### Task goal
Repeat exactly the lines of the records below, starting at the line containing "Property photo 2 of 8 Lounge" and ending at the line containing "在商界中能和陈晓旭这种级别的美女做生意估计很多商界大佬也都心甘情愿吧。沉浸在工". Leave the pictures out.

### Given records
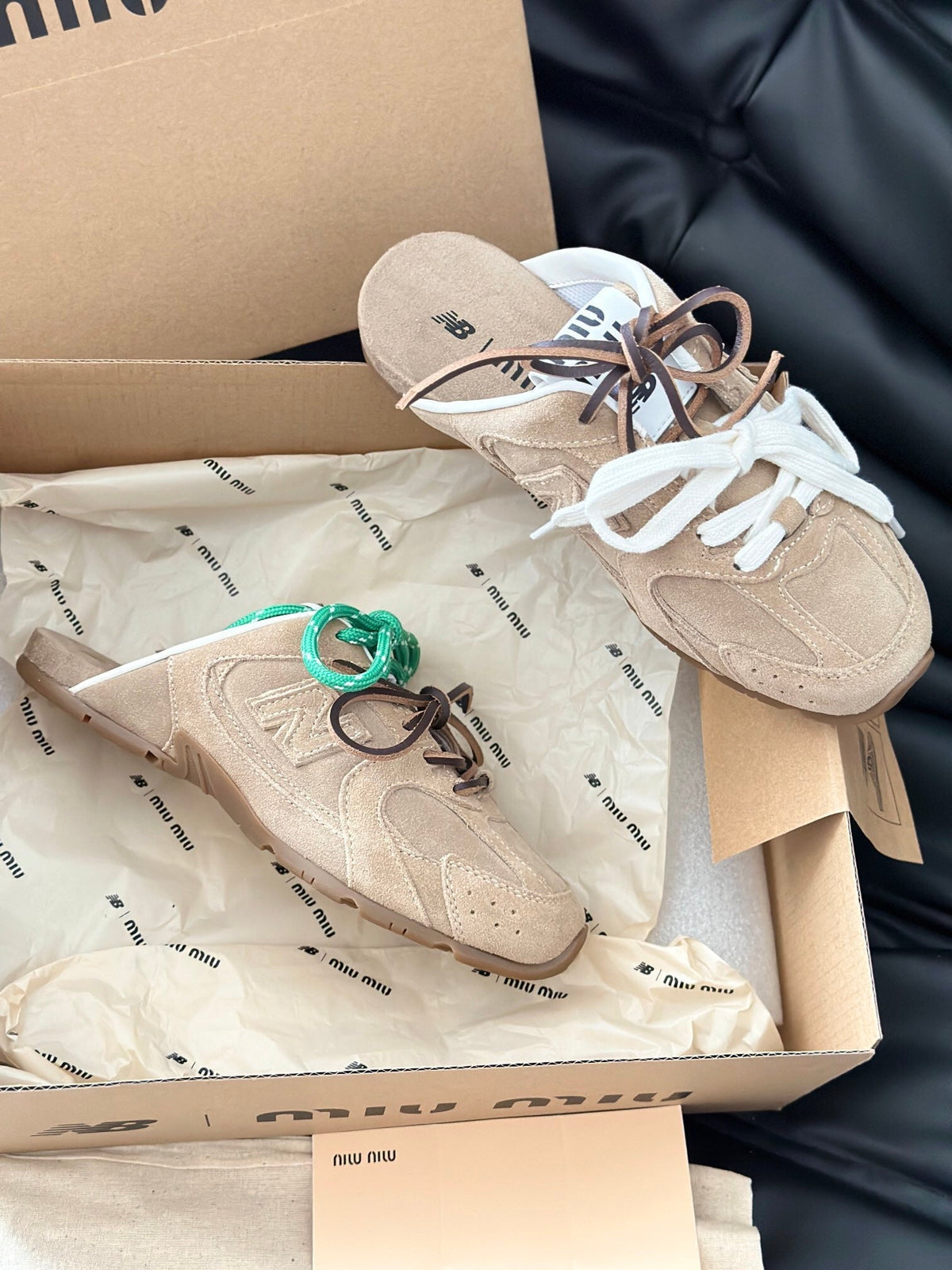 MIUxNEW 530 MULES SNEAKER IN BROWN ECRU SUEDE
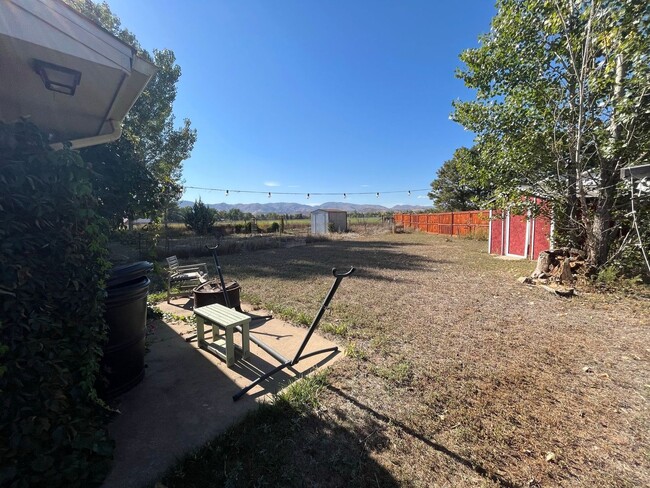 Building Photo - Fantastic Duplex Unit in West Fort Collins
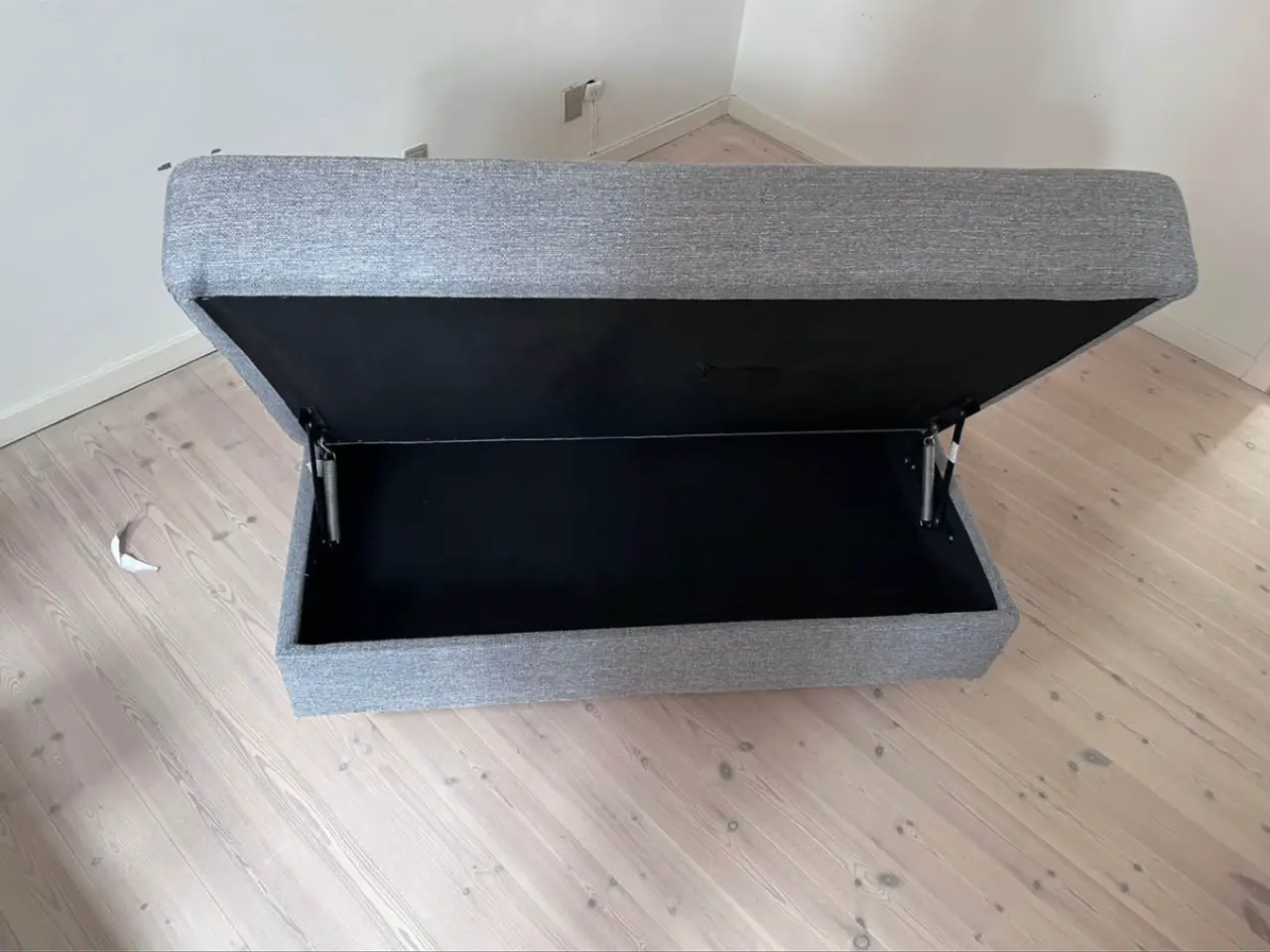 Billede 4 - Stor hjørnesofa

--

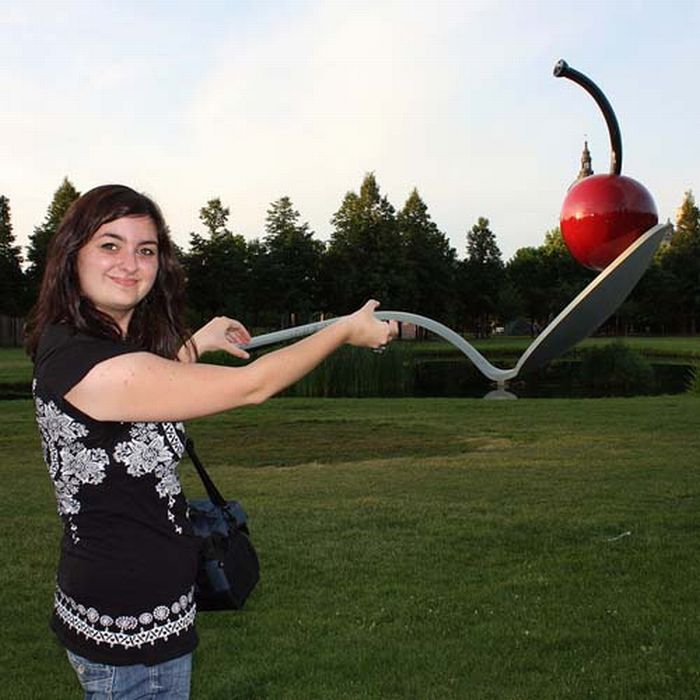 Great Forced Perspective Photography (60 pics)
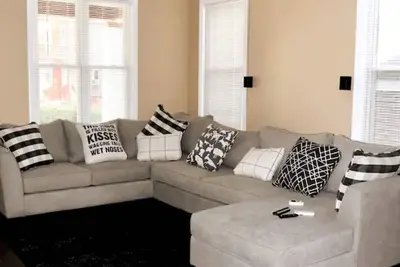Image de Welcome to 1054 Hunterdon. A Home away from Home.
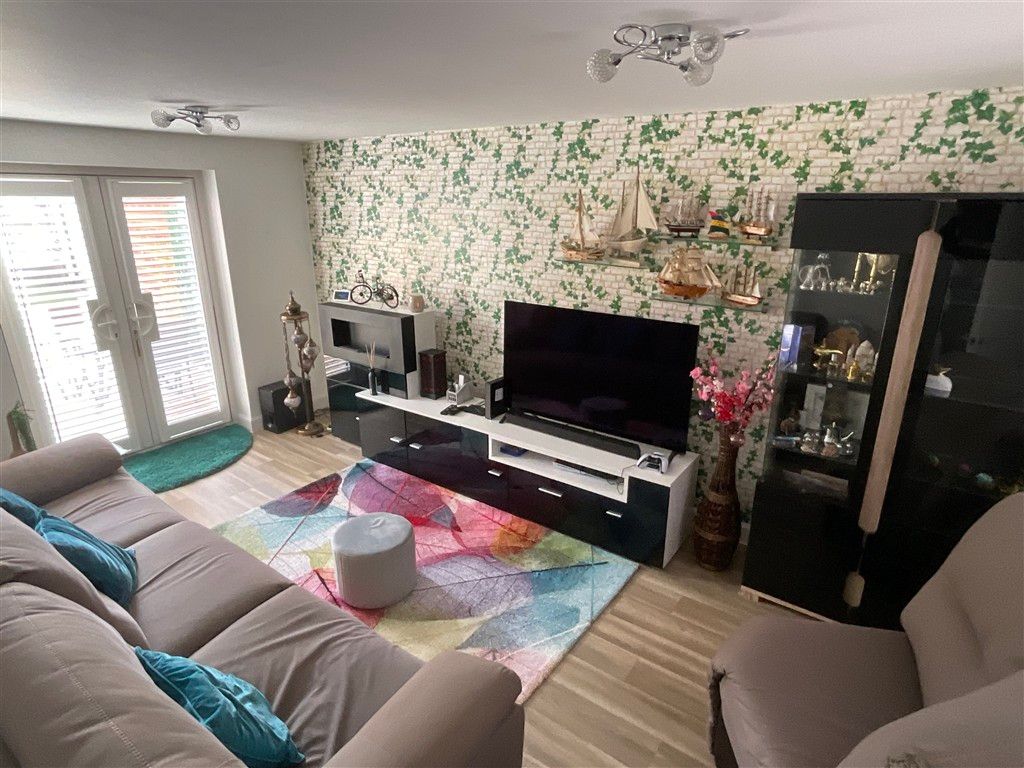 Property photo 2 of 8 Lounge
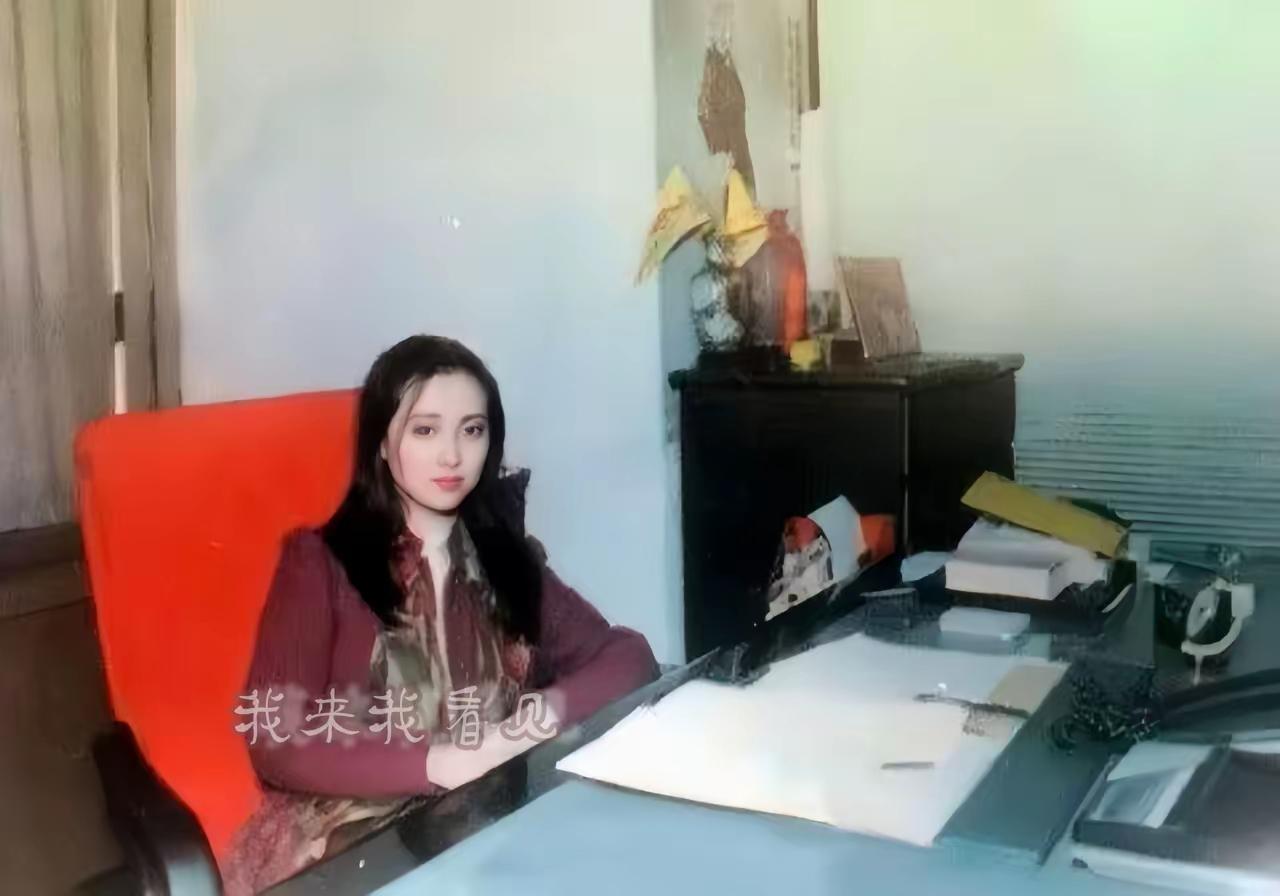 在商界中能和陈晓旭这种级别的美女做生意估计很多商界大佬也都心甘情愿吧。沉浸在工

---

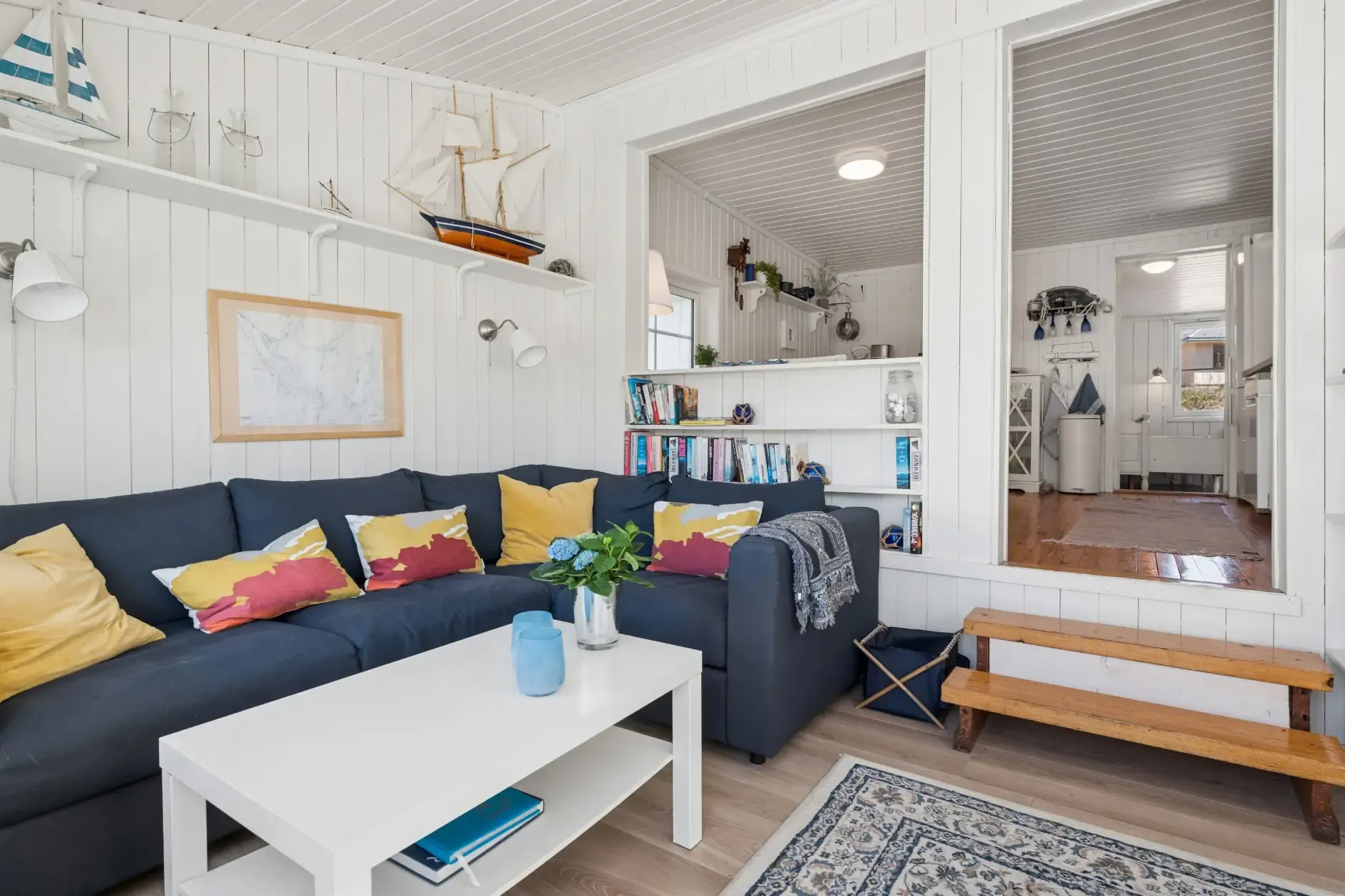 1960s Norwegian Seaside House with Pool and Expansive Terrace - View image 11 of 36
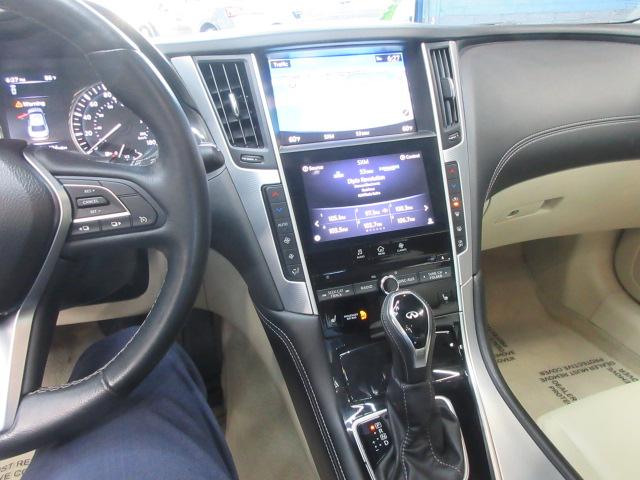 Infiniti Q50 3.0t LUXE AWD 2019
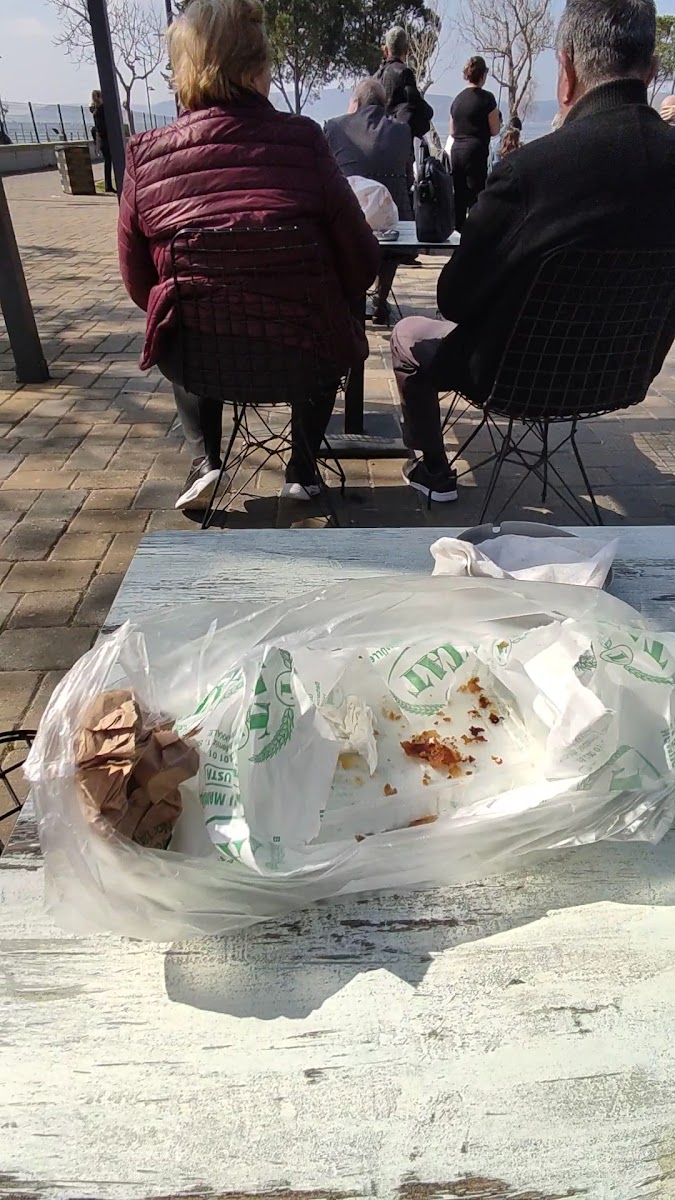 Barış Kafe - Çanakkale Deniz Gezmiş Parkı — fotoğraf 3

### Exercise answer
 Property photo 2 of 8 Lounge
 在商界中能和陈晓旭这种级别的美女做生意估计很多商界大佬也都心甘情愿吧。沉浸在工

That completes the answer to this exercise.